Exploring Multiple-Incidence Information in Deep Learning Schemes for Inverse Scattering Problems
Zhun Wei
Abstract
Recently, many successes have been witnessed in the field of inverse scattering problems (ISPs) with deep learning schemes (DLSs). However, most of the studies focus on the spatial characteristics of interested targets, and little attentions are paid to the information from multiple incidences that can be treated as temporal information measured in a time series. In this work, a multiple-incidence framework (MIF) is introduced by incorporating the information from multiple incidences into an extra dimension of data space, helping to enrich physical knowledge in DLSs.

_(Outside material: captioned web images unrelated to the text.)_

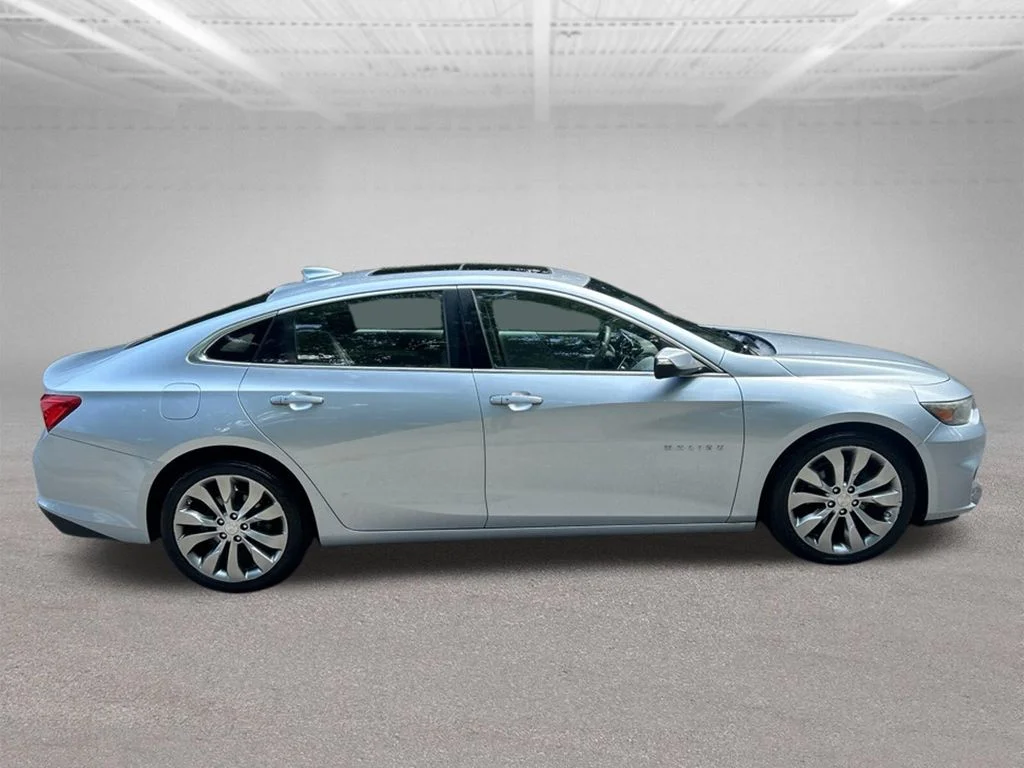 Used 2017 Blue Chevrolet Premier image 7
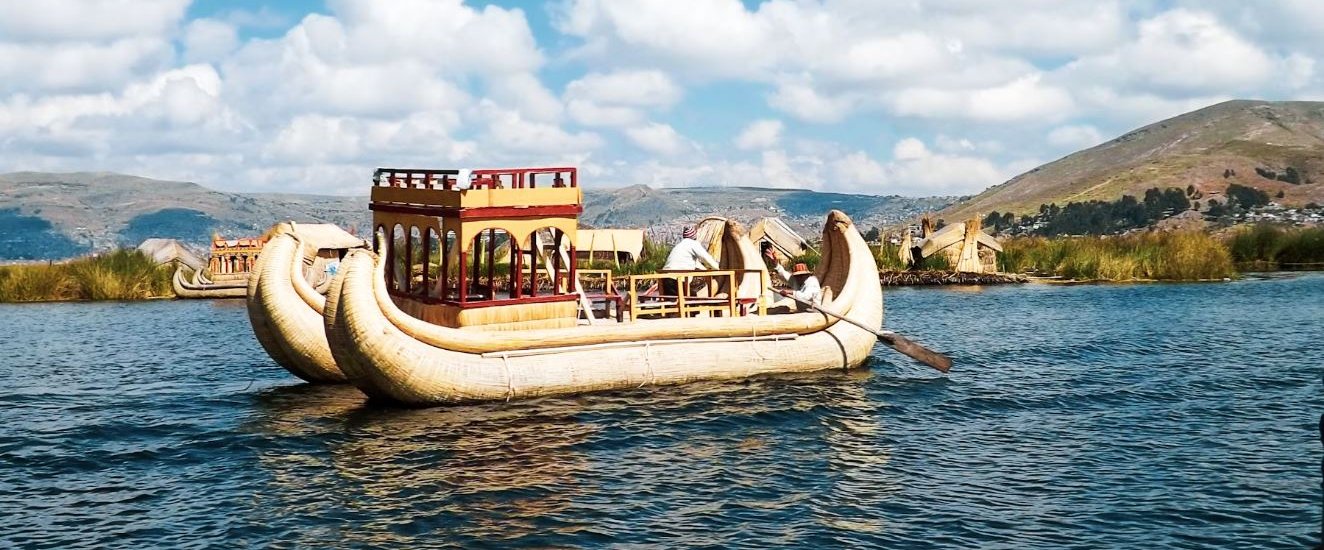 I:\AXUMIMAGES\Sydamerika\Peru\Det sydlige højland\Uros boat - mindre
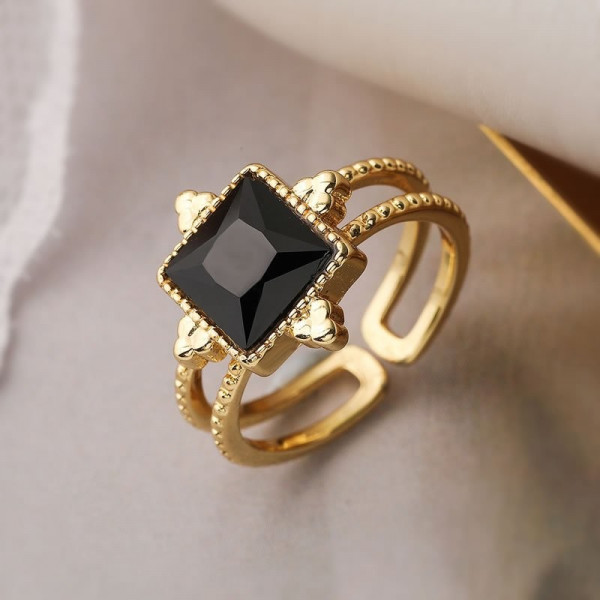 Кольцо с двойной шинкой и крупным черным кристаллом N96251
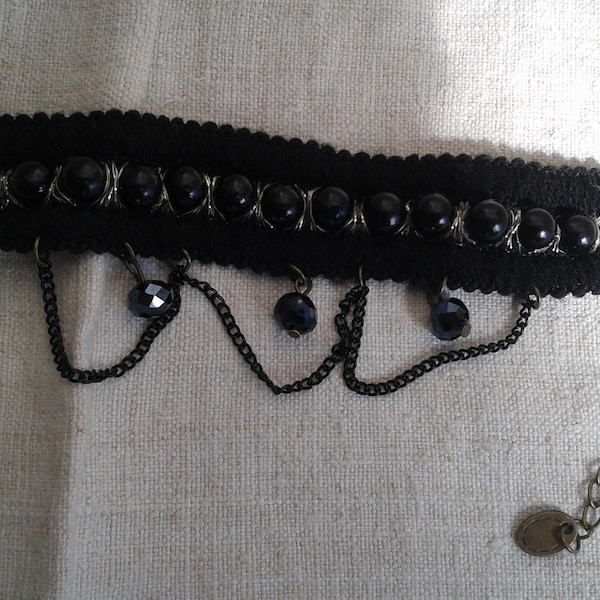 bracelet "jolie dentelle noire et perles"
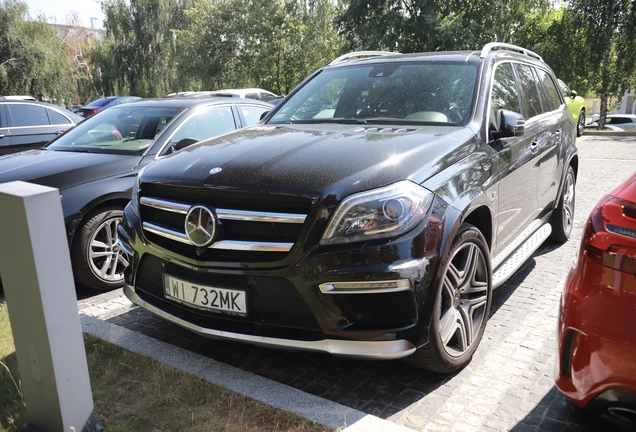 Mercedes-Benz GL 63 AMG X166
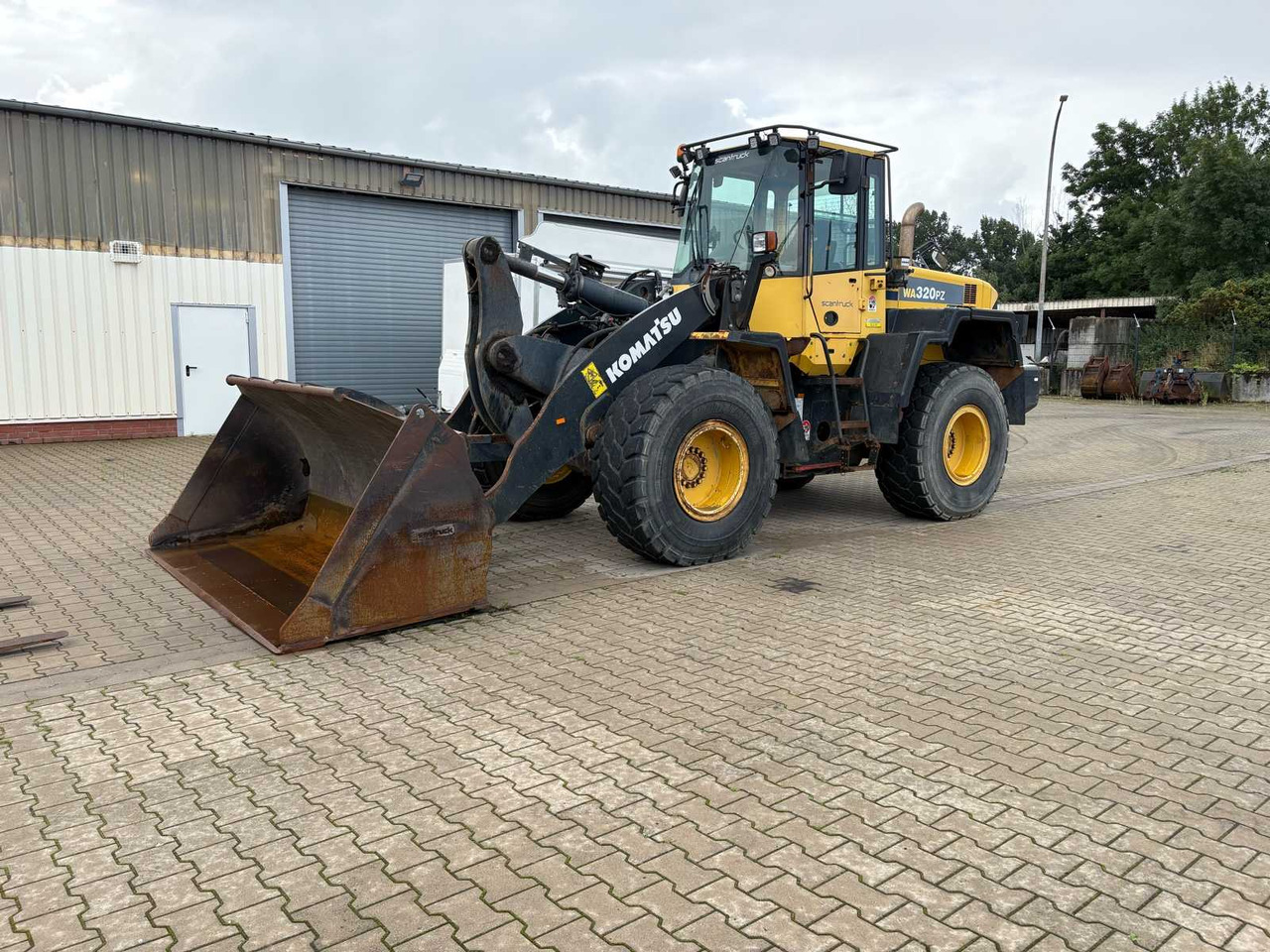 Komatsu WA320PZ-6 - Utovarivač točkaš: slika 1 Komatsu WA320PZ-6 - Utovarivač točkaš: slika 1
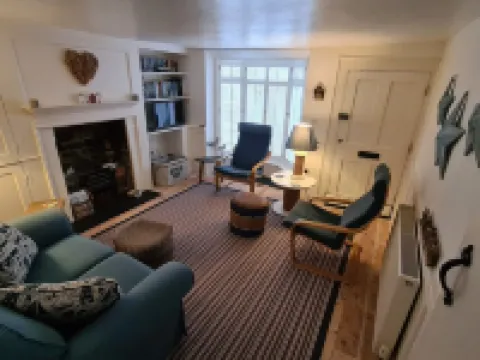 Waterside Cottage In Emsworth, Hampshire Ξενοδοχεία στην πόλη Emsworth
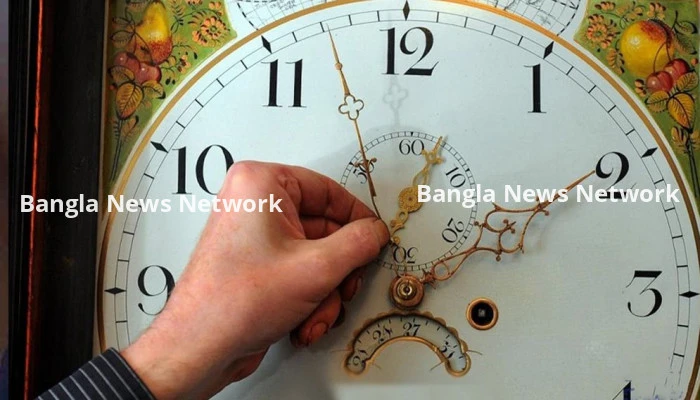 বিক্রি হলো বিশ্বের সবচেয়ে নির্ভুল ঘড়ি, দাম কত জানেন?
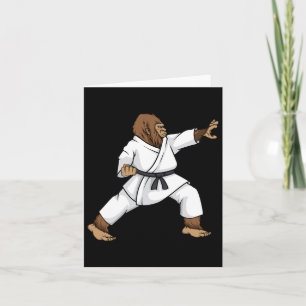 Grappige Ninja Bigfoot doet karate met Samurai Des Kaart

A 3-D convolutional neural network (CNN) structure is further introduced to explore cross-frame information of the data space, which enables simultaneous utilizations of multiple-incidence information. The proposed MIF can be easily adapted into previous DLSs in the literatures, where two widely used DLSs including back-propagation scheme (BPS) and dominant current scheme (DCS) are used to demonstrate the advantages of the proposed framework. It is shown by extensive numerical and experimental examples that MIF enables consistent improvements for BPS and DCS. It is expected that the proposed MIF will also find its applications in real-time dynamic microwave imaging and multiple-frequency imaging by effectively using physical knowledge from temporal and frequency measurements, respectively.